Task statement:
If a line of the records holds the word "Backpack", copy it out.

Recorded data

--- --- ---

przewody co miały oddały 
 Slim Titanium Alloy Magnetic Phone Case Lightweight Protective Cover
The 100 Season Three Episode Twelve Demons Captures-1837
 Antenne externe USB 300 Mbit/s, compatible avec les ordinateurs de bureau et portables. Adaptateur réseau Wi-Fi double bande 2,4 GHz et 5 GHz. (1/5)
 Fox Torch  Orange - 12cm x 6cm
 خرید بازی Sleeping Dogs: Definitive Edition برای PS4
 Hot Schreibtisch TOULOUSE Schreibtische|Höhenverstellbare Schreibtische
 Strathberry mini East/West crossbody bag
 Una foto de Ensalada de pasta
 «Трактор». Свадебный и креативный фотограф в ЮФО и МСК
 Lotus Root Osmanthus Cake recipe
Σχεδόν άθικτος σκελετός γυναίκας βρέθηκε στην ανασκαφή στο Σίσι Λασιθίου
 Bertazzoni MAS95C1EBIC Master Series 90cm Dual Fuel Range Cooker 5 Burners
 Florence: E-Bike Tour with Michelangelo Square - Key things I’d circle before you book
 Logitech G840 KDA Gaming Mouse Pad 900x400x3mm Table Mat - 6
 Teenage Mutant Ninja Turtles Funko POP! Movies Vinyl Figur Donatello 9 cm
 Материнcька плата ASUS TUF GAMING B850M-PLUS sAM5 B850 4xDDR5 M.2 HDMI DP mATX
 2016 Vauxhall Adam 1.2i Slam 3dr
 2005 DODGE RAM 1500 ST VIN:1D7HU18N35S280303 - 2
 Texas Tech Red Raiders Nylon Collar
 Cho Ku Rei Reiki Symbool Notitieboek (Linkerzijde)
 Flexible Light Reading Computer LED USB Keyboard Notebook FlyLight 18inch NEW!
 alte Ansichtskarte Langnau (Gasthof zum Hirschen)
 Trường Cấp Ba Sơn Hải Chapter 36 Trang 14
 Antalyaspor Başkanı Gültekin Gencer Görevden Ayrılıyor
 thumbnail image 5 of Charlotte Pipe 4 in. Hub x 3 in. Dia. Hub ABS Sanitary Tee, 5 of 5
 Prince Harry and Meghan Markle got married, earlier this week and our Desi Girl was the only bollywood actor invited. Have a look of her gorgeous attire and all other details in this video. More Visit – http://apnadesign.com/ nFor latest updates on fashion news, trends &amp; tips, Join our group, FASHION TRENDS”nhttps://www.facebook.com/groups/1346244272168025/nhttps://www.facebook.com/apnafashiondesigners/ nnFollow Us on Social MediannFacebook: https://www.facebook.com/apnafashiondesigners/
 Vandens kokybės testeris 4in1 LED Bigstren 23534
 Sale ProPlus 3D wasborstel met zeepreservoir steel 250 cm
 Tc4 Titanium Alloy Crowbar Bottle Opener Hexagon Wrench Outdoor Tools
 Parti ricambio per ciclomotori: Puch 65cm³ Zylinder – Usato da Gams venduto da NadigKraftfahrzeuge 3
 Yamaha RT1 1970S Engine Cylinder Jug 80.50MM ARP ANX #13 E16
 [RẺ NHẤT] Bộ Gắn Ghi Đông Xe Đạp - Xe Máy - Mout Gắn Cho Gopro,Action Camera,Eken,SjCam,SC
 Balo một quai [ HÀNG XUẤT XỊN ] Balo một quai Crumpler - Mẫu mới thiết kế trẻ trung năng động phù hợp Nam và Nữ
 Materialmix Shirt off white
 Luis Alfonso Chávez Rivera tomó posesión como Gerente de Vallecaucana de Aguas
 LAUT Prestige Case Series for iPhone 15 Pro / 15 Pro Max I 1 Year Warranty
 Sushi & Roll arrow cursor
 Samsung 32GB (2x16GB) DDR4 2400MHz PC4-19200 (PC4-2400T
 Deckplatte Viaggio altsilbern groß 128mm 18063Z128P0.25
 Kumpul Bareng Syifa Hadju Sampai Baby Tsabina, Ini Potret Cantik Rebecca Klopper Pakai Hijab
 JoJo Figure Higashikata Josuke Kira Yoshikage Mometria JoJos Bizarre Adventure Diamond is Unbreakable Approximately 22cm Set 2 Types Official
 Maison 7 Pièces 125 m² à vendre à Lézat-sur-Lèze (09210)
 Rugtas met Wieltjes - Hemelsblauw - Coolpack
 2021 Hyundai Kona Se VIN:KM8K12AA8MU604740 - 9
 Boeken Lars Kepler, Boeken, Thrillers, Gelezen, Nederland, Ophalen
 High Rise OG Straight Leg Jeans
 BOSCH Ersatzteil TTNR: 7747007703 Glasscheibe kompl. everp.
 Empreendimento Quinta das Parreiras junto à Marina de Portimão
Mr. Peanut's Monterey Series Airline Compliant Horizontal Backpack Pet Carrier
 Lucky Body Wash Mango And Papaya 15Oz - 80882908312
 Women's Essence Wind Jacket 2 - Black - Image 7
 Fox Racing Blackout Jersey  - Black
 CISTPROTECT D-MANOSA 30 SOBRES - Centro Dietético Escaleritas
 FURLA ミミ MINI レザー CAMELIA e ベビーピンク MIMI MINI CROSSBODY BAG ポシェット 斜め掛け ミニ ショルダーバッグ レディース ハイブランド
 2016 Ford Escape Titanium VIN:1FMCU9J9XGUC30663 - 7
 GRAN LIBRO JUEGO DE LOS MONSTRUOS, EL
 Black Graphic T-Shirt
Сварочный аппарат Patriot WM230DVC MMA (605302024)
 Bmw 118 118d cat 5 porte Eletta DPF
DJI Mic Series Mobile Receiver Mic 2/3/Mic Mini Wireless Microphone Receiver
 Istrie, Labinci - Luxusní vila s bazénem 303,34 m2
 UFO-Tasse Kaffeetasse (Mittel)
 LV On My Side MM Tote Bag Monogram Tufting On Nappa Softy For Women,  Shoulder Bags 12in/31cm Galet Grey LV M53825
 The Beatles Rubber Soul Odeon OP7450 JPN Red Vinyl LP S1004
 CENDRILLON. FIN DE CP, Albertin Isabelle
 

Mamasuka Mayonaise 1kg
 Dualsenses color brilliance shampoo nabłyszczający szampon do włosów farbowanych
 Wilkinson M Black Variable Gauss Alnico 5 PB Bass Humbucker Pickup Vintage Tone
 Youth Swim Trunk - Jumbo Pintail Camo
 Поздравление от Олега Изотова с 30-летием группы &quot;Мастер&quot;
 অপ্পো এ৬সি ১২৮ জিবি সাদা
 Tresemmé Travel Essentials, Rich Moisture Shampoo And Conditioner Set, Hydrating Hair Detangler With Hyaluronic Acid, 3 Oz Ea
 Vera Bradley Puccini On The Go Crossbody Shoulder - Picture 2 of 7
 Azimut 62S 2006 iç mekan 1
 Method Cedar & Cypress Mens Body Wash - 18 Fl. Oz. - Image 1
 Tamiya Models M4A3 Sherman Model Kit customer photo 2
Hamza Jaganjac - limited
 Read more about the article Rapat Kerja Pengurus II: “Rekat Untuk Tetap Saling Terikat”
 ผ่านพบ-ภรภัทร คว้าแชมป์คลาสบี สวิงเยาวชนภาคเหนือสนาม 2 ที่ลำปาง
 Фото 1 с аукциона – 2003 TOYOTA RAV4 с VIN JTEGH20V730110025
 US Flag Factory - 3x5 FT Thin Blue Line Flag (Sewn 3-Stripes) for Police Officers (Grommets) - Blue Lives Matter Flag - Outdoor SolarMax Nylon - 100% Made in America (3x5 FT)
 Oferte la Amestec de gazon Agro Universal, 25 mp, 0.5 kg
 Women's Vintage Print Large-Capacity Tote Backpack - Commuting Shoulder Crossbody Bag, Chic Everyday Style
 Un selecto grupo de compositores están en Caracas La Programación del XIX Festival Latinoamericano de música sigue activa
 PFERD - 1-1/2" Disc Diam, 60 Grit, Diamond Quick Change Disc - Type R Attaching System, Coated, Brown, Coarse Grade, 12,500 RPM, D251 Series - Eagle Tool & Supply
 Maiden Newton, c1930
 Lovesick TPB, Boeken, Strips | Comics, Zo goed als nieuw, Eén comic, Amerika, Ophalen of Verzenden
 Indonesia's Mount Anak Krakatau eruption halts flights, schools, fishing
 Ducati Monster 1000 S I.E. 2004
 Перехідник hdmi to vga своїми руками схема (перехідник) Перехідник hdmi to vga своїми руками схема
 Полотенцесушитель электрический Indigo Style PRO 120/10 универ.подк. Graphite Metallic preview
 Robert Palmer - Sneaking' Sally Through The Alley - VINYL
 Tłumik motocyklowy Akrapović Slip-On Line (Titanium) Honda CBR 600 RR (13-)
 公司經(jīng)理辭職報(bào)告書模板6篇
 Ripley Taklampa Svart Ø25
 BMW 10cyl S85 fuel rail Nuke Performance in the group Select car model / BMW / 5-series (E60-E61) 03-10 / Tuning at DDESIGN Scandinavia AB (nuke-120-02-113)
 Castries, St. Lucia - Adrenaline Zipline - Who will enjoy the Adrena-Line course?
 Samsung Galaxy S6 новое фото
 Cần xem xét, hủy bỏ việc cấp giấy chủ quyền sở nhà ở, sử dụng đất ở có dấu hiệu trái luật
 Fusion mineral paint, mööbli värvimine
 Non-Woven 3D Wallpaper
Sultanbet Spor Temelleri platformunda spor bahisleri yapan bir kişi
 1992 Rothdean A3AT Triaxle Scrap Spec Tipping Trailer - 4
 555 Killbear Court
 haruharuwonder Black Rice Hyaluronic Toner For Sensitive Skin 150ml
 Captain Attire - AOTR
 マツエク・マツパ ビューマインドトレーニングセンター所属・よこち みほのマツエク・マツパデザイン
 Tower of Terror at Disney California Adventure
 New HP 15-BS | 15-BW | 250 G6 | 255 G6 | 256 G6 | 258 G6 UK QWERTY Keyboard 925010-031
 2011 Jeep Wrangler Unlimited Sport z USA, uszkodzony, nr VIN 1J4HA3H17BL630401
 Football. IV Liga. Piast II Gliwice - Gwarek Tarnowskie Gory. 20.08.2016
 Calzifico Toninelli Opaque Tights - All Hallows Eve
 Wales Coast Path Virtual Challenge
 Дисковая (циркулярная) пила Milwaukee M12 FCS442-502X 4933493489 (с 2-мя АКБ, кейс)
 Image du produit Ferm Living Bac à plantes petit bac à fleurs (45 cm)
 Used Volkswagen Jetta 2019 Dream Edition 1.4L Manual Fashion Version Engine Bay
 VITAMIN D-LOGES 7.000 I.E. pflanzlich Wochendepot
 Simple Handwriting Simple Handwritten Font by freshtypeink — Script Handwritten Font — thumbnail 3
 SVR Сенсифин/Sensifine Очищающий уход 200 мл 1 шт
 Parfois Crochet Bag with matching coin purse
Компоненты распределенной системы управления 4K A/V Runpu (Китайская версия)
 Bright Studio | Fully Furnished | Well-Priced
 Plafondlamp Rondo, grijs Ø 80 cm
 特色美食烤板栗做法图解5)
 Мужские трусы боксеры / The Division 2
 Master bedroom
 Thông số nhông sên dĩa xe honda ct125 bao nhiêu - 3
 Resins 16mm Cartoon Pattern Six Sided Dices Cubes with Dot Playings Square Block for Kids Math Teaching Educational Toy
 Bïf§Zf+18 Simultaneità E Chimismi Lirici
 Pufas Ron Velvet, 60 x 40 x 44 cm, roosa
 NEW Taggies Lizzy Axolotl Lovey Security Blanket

--- --- ---

Written answer:
Mr. Peanut's Monterey Series Airline Compliant Horizontal Backpack Pet Carrier
 Women's Vintage Print Large-Capacity Tote Backpack - Commuting Shoulder Crossbody Bag, Chic Everyday Style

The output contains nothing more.